Dennis B. Horne, a technical writer in the Materials Management Department of The Church of Jesus Christ of Latter-day Saints, is no stranger to writing about the Church’s Apostles. His books include Bruce R. McConkie: Highlights from His Life and Teachings,1 An Apostle’s Record: The Journals of Abraham H. Cannon,2 and Latter Leaves in the Life of Lorenzo Snow.3 This latest biography from Horne arose out of his discovery of a biographical sketch of Lorenzo Snow authored by Orson F. Whitney and his subsequent reading of Elder Whitney’s daily diary. It was a fortuitous discovery. Whitney’s life and work have for the most part faded from LDS cultural memory. Except for a few references periodically in general conference, his considerable contributions to the building up of Zion from 1880 to 1930 are not as known as they should be. Horne’s book, therefore, makes a much-needed contribution to our awareness of this Apostle’s commitment to the Church in a period of great upheaval and change. The book is filled with fascinating information about Elder Whitney, and I have found its presentation—that of a man of considerable talent, intelligence, and promise who submitted to God’s will to better serve the kingdom—quite inspiring. I shall focus my review on some of the key decisions and events in Orson F. Whitney’s life, as presented in Horne’s biography, that made him an influential and faithfully devoted leader in the Church.
With access to so many of Whitney’s autobiographical writings and diaries, Horne seems to have made the decision to write a life of Orson Whitney in the mode of Whitney’s own biography of his grandfather Heber C. Kimball4—that is, Horne’s book gives us a firsthand view of what Whitney himself thought important to his life, as he both lived it and then later reflected on it. Much of the book consists of extended quotations in Whitney’s own voice. The choice to let Whitney speak for himself gives the reader a unique view into the heart and mind of a man of considerable ambition on the one hand and impressive ability to submit his will to God and to LDS Church leaders on the other. These characteristics manifested themselves early in his life and continued through his call to the Quorum of the Twelve and his subsequent ministry.
Whitney had some reason to believe he was a child of promise. His grandfathers were Heber C. Kimball, First Counselor in the First Presidency, and Newel K. Whitney, Presiding Bishop of the Church. His father, Horace, was a writer and musician of some talent, and his mother, Emma Mar Kimball Whitney, was also an eloquent writer and advocate for the restored gospel. Since he was part of the first generation of Latter-day Saints born in Utah, young Orson had no memory of Kirtland or Nauvoo, the Church’s first settlements. His call to serve a mission in these areas awakened his historical awareness and poetic imagination to his relatives, ancestors, and the sites of the Restoration.

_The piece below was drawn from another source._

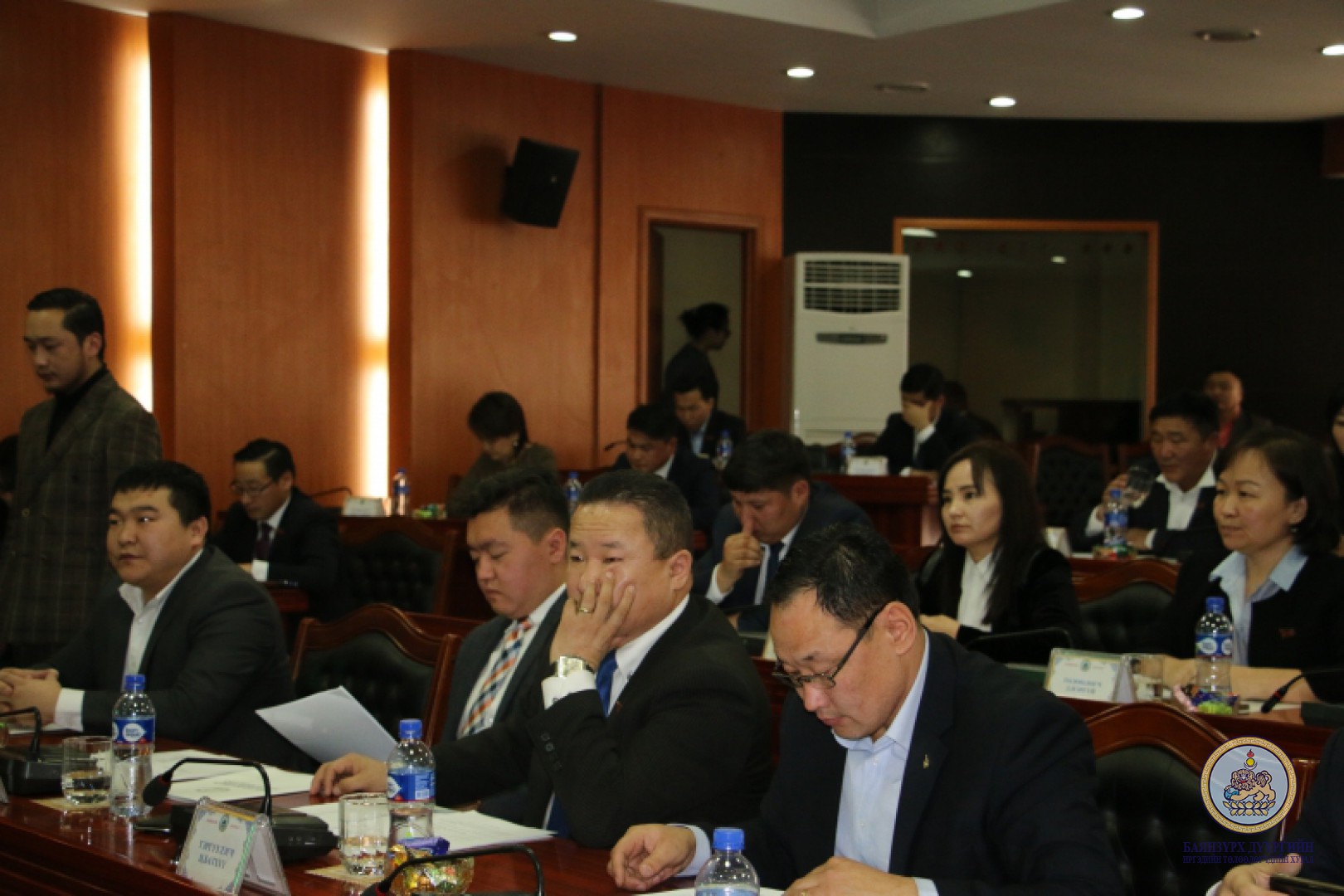 Баянзүрх дүүргийн Иргэдийн Төлөөлөгчдийн Хурлын 7 дугаар хуралдаан болж өндөрлөлөө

Whitney notes, however, that the beginning of his mission was more devoted to writing newspaper articles about Pennsylvania and Ohio for the Salt Lake Tribune than it was to seeking new converts. He had decided he wanted to be a newspaperman and was using his mission for professional training. All this changed over the course of one night when he received a vision. This experience remained alive in Whitney’s mind throughout his life thereafter and found its way into important sermons and biographical materials.5 Whitney titled the written account of his spiritual manifestation “In Gethsemane.” In the dream, Orson found himself strategically placed in the Garden of Gethsemane on the night of the Savior’s suffering and arrest. He observed all the Lord’s dealings with his Apostles and his sacred appeal to the Father. As Whitney described, “As he [Christ] prayed the tears streamed down his face, which was toward me. I was so moved at the sight that I wept also, out of pure sympathy with his great sorrow. My whole heart went out to him. I loved him with all my soul and longed to be with him as I longed for nothing else.”
The well-known events played out, including the Savior’s admonitions to the Apostles asleep in the garden. Whitney describes his empathy increasing and feeling a profound desire to support the Christ. He longed to be with him. Suddenly the scene changed. Having given the ancient Apostles their charge, the crucified and risen Lord prepared to ascend to heaven. Whitney, still hidden from the others, could no longer hold back: “I ran out from behind the tree, fell at his feet, clasped him around the knees, and begged him to take me with him.” The Savior’s response redefined Whitney’s life, setting a new course of discipleship and service for the young man. He told Orson, “No, my son; these have finished their work, and they may go with me, but you must stay and finish yours.” Whitney then solicits a promise that he will be with the Lord “at the last.” The Savior makes no such promise. He speaks the following life-changing words: “That will depend entirely upon yourself.”6 The turnaround in Whitney’s life was immediate, and he began preaching the gospel, strengthening Church members, and baptizing converts.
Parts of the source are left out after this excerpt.